- Directed by: Joseph Barbera William Hanna Additional director: Robert Taylor (uncredited)
- Written by: Robert Taylor Joseph Barbera Neal Barbera
- Produced by: Joseph Barbera William Hanna
- Starring: Scatman Crothers
- Edited by: Warner E. Leighton Margaret Webb
- Music by: Hoyt Curtin
- Production company: Hanna-Barbera Productions
- Distributed by: Worldvision Enterprises
- Release date: July 13, 1987 (Los Angeles International Animation Celebration);
- Running time: 72 minutes
- Country: United States
- Language: English

= Rock Odyssey =

1987 animated film by Hanna-Barbera

Rock Odyssey is an animated jukebox musical feature film produced by Hanna-Barbera for a Worldvision Enterprises release in 1987. Directed by Robert Taylor (but credited to William Hanna and Joseph Barbera on the final print), with storyboards by Pete Alvarado, it features Scatman Crothers in his final film appearance, and was released following his death. The film was dedicated to his memory.

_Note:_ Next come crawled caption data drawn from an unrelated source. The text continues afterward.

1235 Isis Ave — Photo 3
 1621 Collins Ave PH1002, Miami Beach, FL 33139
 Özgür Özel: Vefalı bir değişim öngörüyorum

The film was released on a program of special world premiere matinee screenings of the Los Angeles International Animation Celebration's opening day gala event, but it never received a wide theatrical release.

==Plot==
Idol Laura seeks out to find her one true love after being separated as children through the history of music.

In the 1950s, she meets greaser Billy. Their relationship is born out of a love for dancing and rock and roll. Billy later gets into trouble with a street gang who beat him up. Laura helps him get back on his feet by giving him a prize she won at a carnival game. Billy's car becomes out of control, which worsens the relationship despite attempts to make things better such as going to a drive-in movie and prom. At prom, Billy crashes his car, and later that night, Laura decides to break up with him. Billy tries to win her back by singing, but inadvertently floods the venue with a tidal wave of punch. The singing alerts a string of monsters, which chase after Billy, resulting in the prom being a disaster and ending with him all alone.

In the 1960s, Laura meets Bob, a piano playing hippie, while at a peace rally. The two of them hit it off after Bob saves Laura from being chased by police officers with siren heads. Upon heading to his apartment, Laura learns about Bob's past as a musical activist and begins to recall traumatic memories. To get his mind off, he and Laura read a storybook titled Sir Gleam Fights the Evil Tooth. Despite the book being cartoony in nature, Bob and Laura are shocked by its depiction of warfare, as the knight in the story is constantly defeated by Tooth Decay, the anthropomorphic castle, and thus turned into a chocolate kiss. While Bob recounts how he got his ways to Laura, an officer begins rapping at his door. Upon opening, the officer turns into an undead soldier who delivers Bob a draft notice which in turn transforms into a death certificate for Bob. To get their minds off of things, the two head for a walk in the park, where Bob begins to perceive inanimate objects as military weapons, terrifying him further. No longer able to view the real world, Bob starts seeing hellish scenery through two women using a Quija board. Unable to deal with Bob's trauma, Laura decides to leave and gets on a bus to get out of town, only to be taunted by her own monsters. Bob returns, now controlled by marionette strings, morphes into a skeleton soldier and catches fire, leaving Laura heartbroken.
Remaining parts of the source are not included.